On encouraging healthy behaviors, one of the most visible means of commuting is cycling. In Copenhagen, above 40% of all commutes are made by bike. This is unheard of in most other European capitals. People do it not because it is a healthy choice but because it is the easiest and most convenient choice.

This is the result of an urban transportation policy that systematically prioritizes bikes over cars. DKK 2.7 billion (€362 million) were invested on cycling and 375 km of cycle paths were built.

Challenges ahead

Even if Copenhagen has managed to turn around a declining situation into a thriving city, there are challenges that are faced by this ‘liveable’ city, as it grows.

The two main challenges that are identified are the housing market and the growing social needs of its population, which is a result of inhabitants that flock in the city. The housing market is under pressure and property prices are rising, which is being looked into by future government policies.
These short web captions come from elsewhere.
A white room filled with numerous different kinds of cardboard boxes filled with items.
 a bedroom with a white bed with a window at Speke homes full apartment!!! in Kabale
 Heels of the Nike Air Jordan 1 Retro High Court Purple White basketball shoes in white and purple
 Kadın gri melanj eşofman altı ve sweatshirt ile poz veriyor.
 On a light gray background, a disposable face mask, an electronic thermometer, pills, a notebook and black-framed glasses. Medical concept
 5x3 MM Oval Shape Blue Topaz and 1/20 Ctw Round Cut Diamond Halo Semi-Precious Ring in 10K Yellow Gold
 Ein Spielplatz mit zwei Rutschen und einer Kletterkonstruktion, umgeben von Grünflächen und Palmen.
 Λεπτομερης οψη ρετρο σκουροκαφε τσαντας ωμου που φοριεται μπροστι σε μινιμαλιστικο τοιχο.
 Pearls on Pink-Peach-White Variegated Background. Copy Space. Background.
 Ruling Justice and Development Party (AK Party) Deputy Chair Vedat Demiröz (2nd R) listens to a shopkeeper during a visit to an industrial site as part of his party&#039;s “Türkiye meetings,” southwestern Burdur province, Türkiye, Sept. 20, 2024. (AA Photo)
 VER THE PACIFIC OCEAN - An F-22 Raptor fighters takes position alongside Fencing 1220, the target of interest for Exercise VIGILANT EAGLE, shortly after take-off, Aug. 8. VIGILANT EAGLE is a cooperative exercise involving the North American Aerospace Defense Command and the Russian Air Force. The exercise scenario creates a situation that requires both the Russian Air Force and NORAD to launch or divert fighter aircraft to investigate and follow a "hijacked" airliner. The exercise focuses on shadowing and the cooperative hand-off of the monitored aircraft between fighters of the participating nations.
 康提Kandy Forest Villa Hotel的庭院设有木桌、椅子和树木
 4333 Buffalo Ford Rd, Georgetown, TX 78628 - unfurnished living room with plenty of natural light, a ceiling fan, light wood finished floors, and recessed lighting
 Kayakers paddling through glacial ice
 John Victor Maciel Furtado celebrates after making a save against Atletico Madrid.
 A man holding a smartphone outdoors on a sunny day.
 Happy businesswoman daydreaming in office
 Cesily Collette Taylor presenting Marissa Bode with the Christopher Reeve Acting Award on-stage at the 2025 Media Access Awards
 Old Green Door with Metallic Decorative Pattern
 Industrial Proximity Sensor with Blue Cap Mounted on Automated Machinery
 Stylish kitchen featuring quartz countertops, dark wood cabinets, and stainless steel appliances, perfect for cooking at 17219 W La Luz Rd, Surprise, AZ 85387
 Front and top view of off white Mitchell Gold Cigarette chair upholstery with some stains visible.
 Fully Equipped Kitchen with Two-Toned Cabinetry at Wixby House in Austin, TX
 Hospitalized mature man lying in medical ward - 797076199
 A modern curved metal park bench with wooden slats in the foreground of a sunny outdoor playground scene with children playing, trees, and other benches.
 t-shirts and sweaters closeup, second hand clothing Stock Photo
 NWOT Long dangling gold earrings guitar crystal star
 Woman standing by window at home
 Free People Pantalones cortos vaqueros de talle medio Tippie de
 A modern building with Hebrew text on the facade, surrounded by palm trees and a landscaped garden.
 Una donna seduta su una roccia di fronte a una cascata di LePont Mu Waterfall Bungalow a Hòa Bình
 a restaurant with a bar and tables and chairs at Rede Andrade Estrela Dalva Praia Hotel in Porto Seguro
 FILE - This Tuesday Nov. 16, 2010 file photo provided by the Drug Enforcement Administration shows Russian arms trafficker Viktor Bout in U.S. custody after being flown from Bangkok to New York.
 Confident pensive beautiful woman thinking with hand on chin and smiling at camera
Cities all over the world can take a leaf out of the ‘resilient’ and dynamic economy that Copenhagen has built itself to be, purely based on the cooperation by the public and sensitive urban design policies. The inhabitants have been kept in mind, factors like ‘liveability’ and an ‘inclusive social fabric’ of the city being the pillars of their design philosophies.

In addition to these, with a view of the future, the city has conjured strategies that are both ‘future-proof’ and sustainable. An example of the same would be the newly built neighborhoods that intend to meet economic, social, and environmental objectives. This means that urban areas mix shops, working spaces, housing, and green areas, which reduces the exposure of each neighborhood and its inhabitants to localized shocks.